Aereo itself is not as worrisome to the networks as the possibility that its
technology would be co-opted by cable and satellite companies looking to avoid
paying those fees.

DirecTV, Charter Communications, and Time Warner Cable, which just lost
an ugly retransmission-fee showdown with CBS, have all indicated they would
consider a similar approach to Aereo’s if the service were declared legal.
Aereo was started by Mr. Kanojia in 2012, with the backing of Barry Diller,
the chairman of the media conglomerate IAC/InterActiveCorp and formerly the
co-founder of the Fox network. Available at first in New York City, the service
has since expanded to other cities like Atlanta and Boston.

The company has been celebrated by so-called cord-cutters, television
consumers seeking ways around ever-increasing cable and satellite bills. In his
statement, Mr. Kanojia also outlined another of Aereo’s lines of defense: that a
decision against it would damage innovation in areas like cloud computing and
cloud storage — services that enable users to create a kind of DVR in the sky,
where hours of programming can be stored.

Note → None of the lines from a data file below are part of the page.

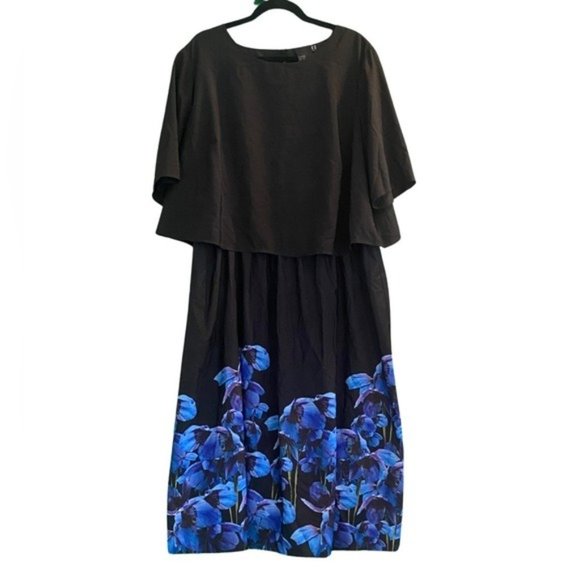 ASOS Curve Black and Blue Midi Dress - Picture 4 of 6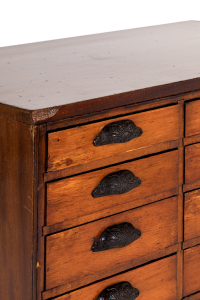 Large bank of apothecary drawers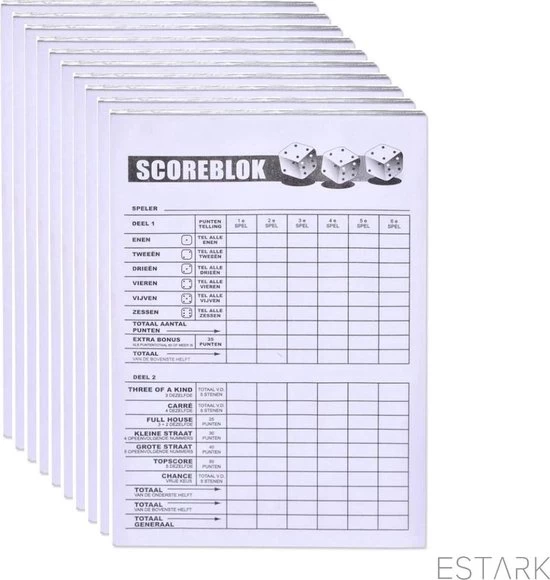 ESTARK LUXE Yahtzee Set - Dobbelset - 10 X Scoreblok - Yathzeeset - Poker - Dobbelspel - Score Blok - Dobbelstenen - Familiespellen - 6 Dobbelspellen - Spel - Werpbeker - 17 Delig 3 ESTARK LUXE Yahtzee Set - Dobbelset - 10 X Scoreblok - Yathzeeset - Poker - Dobbelspel - Score Blok - Dobbelstenen - Familiespellen - 6 Dobbelspellen - Spel - Werpbeker - 17 Delig - Afbeelding 3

David Bank, a media analyst for RBC Capital Markets, said in an interview
Friday, “This is a watershed moment,” but he added that the real significance
would not be known until the court made “a definitive declaration” of whether
Aereo was a legal business.

If Aereo were to win, he said, “It would be very disruptive to the television
ecosystem.”

Last April, Chase Carey, the president of 21st Century Fox, the parent of the
Fox network, said at a convention of broadcasters that the company would
consider drastic action, like shifting from broadcast to cable distribution, if the
Aereo service was found legal. “We can’t sit idly by and let someone steal our
signal,” Mr. Carey said. “We like the broadcast business, and if we can affirm
our rights, that is a path we prefer to pursue.” He said that the “dual revenue
stream” from both advertising and retransmission fees was vital for the future of
the network.

Leslie Moonves, the president of CBS, also said switching to cable was an
option for the future.

Some analysts have dismissed the suggestion as posturing in the legal battle,
as well as an attempt to influence regulators. But Mr. Bank said he believed the
broadcast networks would “likely have to undergo something of an evolution to
become cable networks.”

The case rests on a part of the copyright law that requires copyright owners’
permission for “public performances” of their work. The law defines such
performances to include retransmission to the public. The networks say Aereo’s
service violates that provision.

Aereo says it is not covered by the provision. Because it assigns individual
antennas to every viewer, Aereo contended that its Internet streams are not
public performances under the copyright law. That means, it argued, that it has
no obligation to pay so-called retransmission consent fees to local stations.
In its petition to the court, the broadcasters called that position nonsensical.

“For example, when tens of thousands of Aereo subscribers all
simultaneously watch the same broadcast of the Super Bowl using Aereo, Aereo
is not publicly performing the Super Bowl,” the petition said, mocking Aereo’s
argument. “It is merely making tens of thousands of simultaneous ‘private’
performances to its subscribers.”

In its brief to the Supreme Court, Aereo said it merely sought to make good
on the original deal between broadcasters and the government.

“The essential bargain that petitioners made to obtain, for free, public
spectrum worth billions of dollars was that, once they have broadcast their
programming, consumers have a right to receive and to view that programming
using an antenna and to copy that programming for their personal use,” the
brief said.

A divided three-judge panel of the federal appeals court in New York in
April ruled for Aereo. In dissent, Judge Denny Chin wrote that the service was “a
Rube Goldberg-like contrivance, overengineered in an effort to avoid the reach of
the Copyright Act and to take advantage of a perceived loophole in the law.”
In September, the broadcasters won a preliminary injunction in Federal
District Court in Washington against a similar antenna-based service, Film On,
based on copyright infringement.

The case is ABC Inc. v. Aereo, No. 13-461.